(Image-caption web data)
○ ○ ○
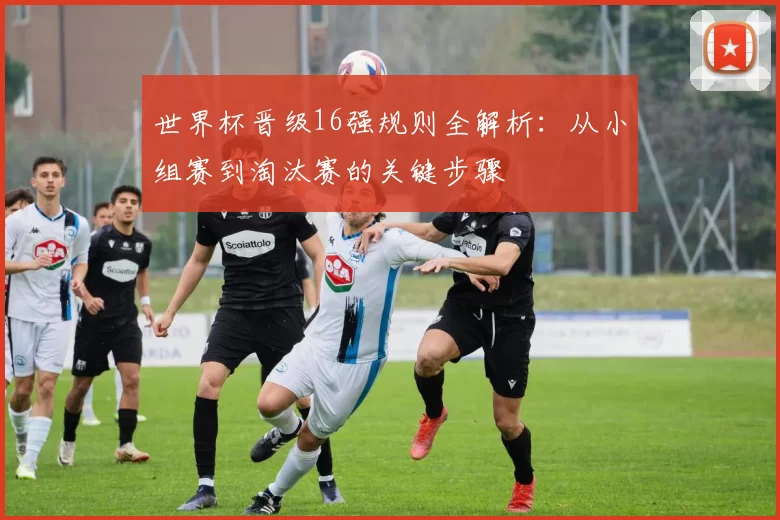 世界杯晋级16强规则全解析:从小组赛到淘汰赛的关键步骤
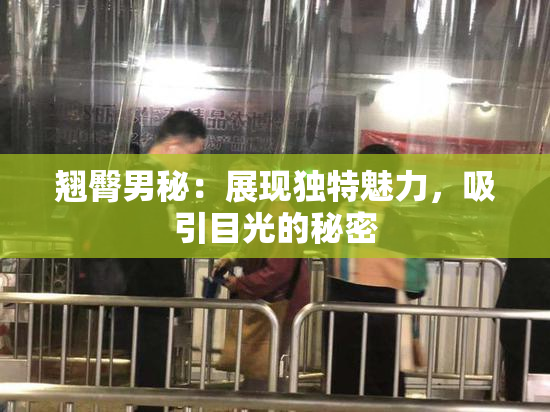 翘臀男秘：展现独特魅力，吸引目光的秘密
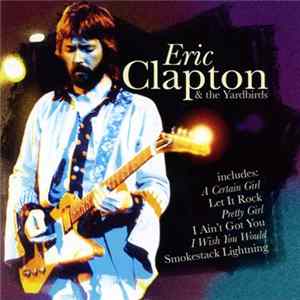 Eric Clapton, The Yardbirds - Eric Clapton & The Yardbirds Album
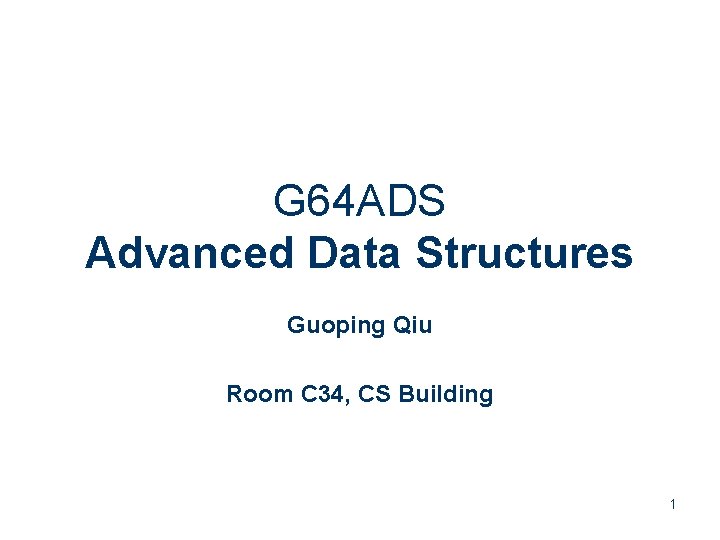 G 64 ADS Advanced Data Structures Guoping Qiu Room C 34, CS Building 1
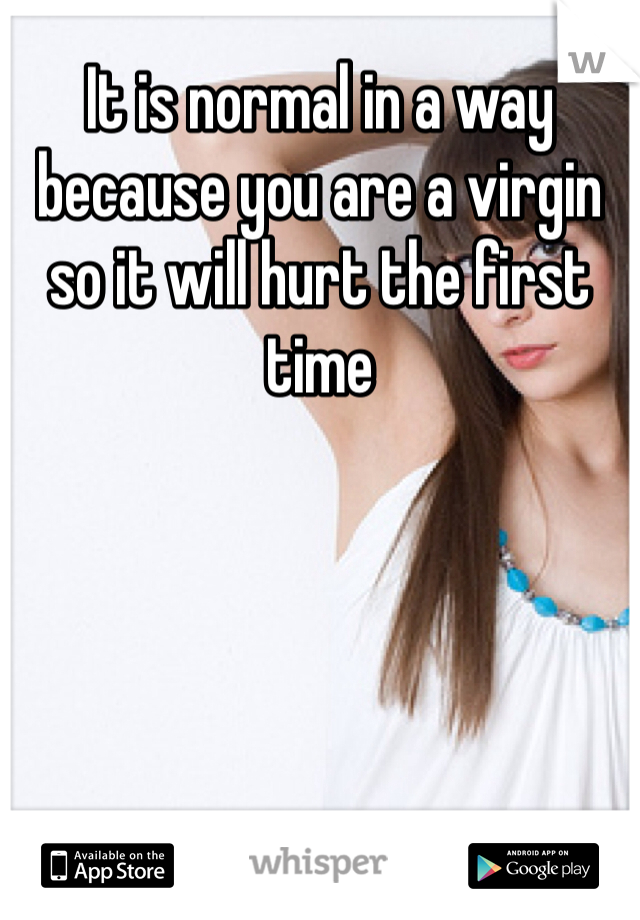 It is normal in a way because you are a virgin so it will hurt the first time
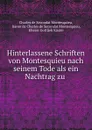 Hinterlassene Schriften von Montesquieu nach seinem Tode als ein Nachtrag zu . - Charles de Secondat Montesquieu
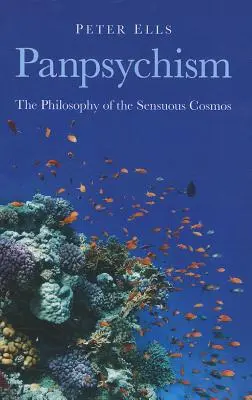 Panpsychism: Filosofia cosmosului senzual - Panpsychism: The Philosophy of the Sensuous Cosmos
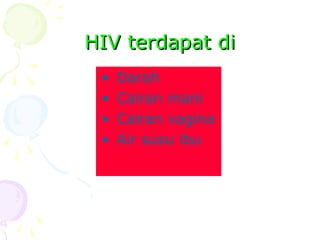 HIV terdapat di
HIV terdapat di
• Darah
• Cairan mani
• Cairan vagina
• Air susu ibu
 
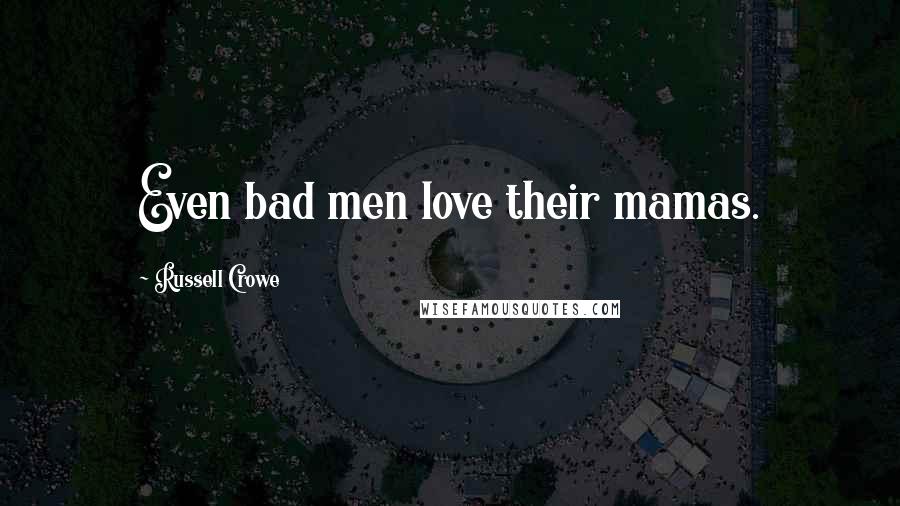 Russell Crowe Quotes: Even bad men love their mamas.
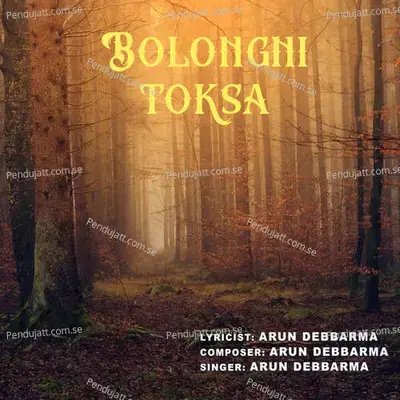 Bolongni Toksa - Arun Debbarma album cover 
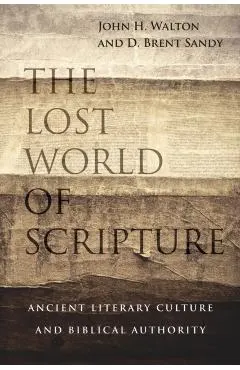 The Lost World of Scripture: Ancient Literary Culture and Biblical Authority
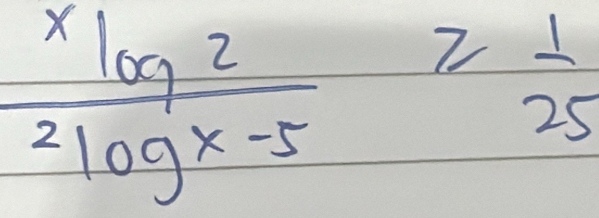  xlog 2/2log x-5 ≥slant  1/25 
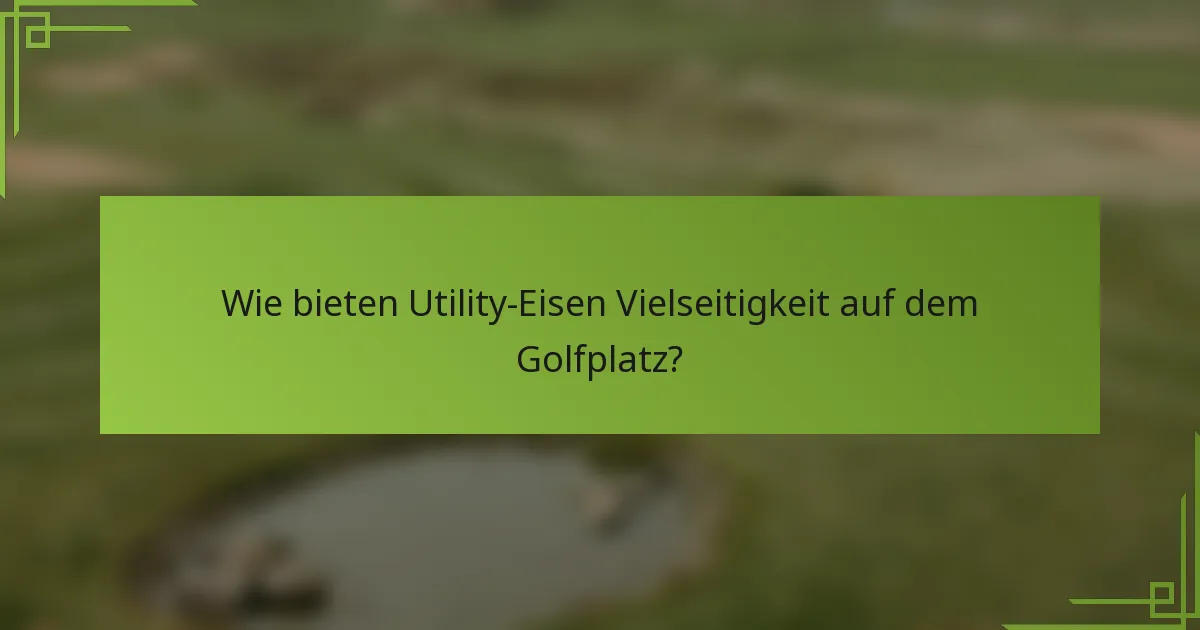 Wie bieten Utility-Eisen Vielseitigkeit auf dem Golfplatz?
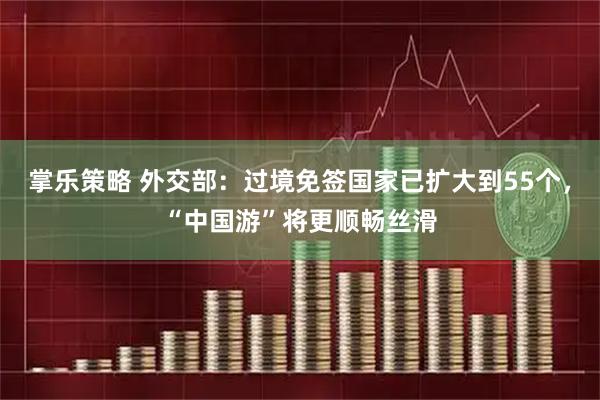 掌乐策略 外交部：过境免签国家已扩大到55个，“中国游”将更顺畅丝滑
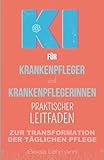 KI für Krankenpfleger und Krankenpflegerinnen - Praktischer Leitfaden zur Transformation der täglichen Pflege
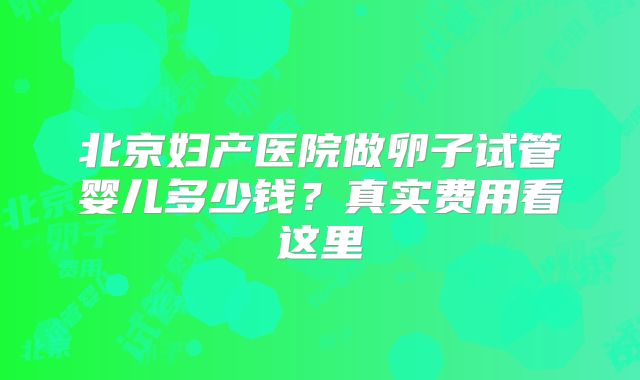北京妇产医院做卵子试管婴儿多少钱？真实费用看这里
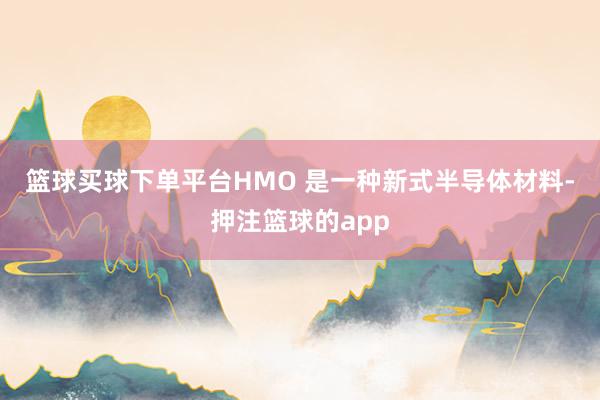 篮球买球下单平台　　HMO 是一种新式半导体材料-押注篮球的app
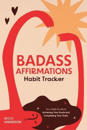 Badass Affirmations Habit Tracker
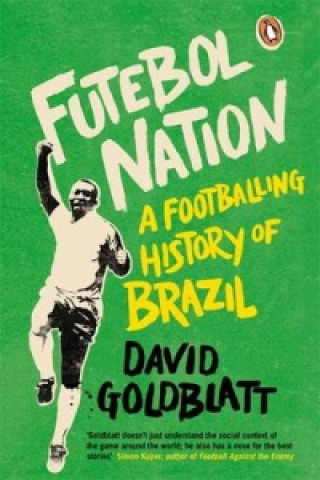 Knjiga Futebol Nation David Goldblatt
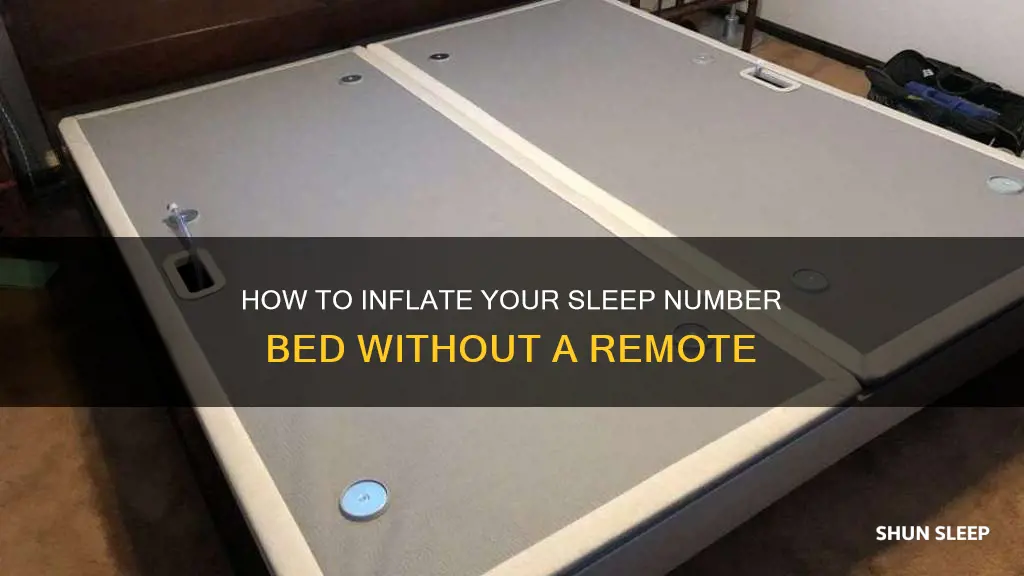 can you inflate sleep number without remote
○ ○ ○
### [WORK TASK]
Give back the lines from the one containing "G 64 ADS Advanced" through the last line of the records above exactly as they appear, both included, and no pictures.

### [OUTPUT OF THE EXERCISE]
 G 64 ADS Advanced Data Structures Guoping Qiu Room C 34, CS Building 1
 It is normal in a way because you are a virgin so it will hurt the first time
 Hinterlassene Schriften von Montesquieu nach seinem Tode als ein Nachtrag zu . - Charles de Secondat Montesquieu
 Panpsychism: Filosofia cosmosului senzual - Panpsychism: The Philosophy of the Sensuous Cosmos
 HIV terdapat di
HIV terdapat di
• Darah
• Cairan mani
• Cairan vagina
• Air susu ibu
 
 Russell Crowe Quotes: Even bad men love their mamas.
 Bolongni Toksa - Arun Debbarma album cover 
 The Lost World of Scripture: Ancient Literary Culture and Biblical Authority
  xlog 2/2log x-5 ≥slant  1/25 
 Wie bieten Utility-Eisen Vielseitigkeit auf dem Golfplatz?
 掌乐策略 外交部：过境免签国家已扩大到55个，“中国游”将更顺畅丝滑
 KI für Krankenpfleger und Krankenpflegerinnen - Praktischer Leitfaden zur Transformation der täglichen Pflege
北京妇产医院做卵子试管婴儿多少钱？真实费用看这里
 篮球买球下单平台　　HMO 是一种新式半导体材料-押注篮球的app
 Badass Affirmations Habit Tracker
 Knjiga Futebol Nation David Goldblatt
 can you inflate sleep number without remote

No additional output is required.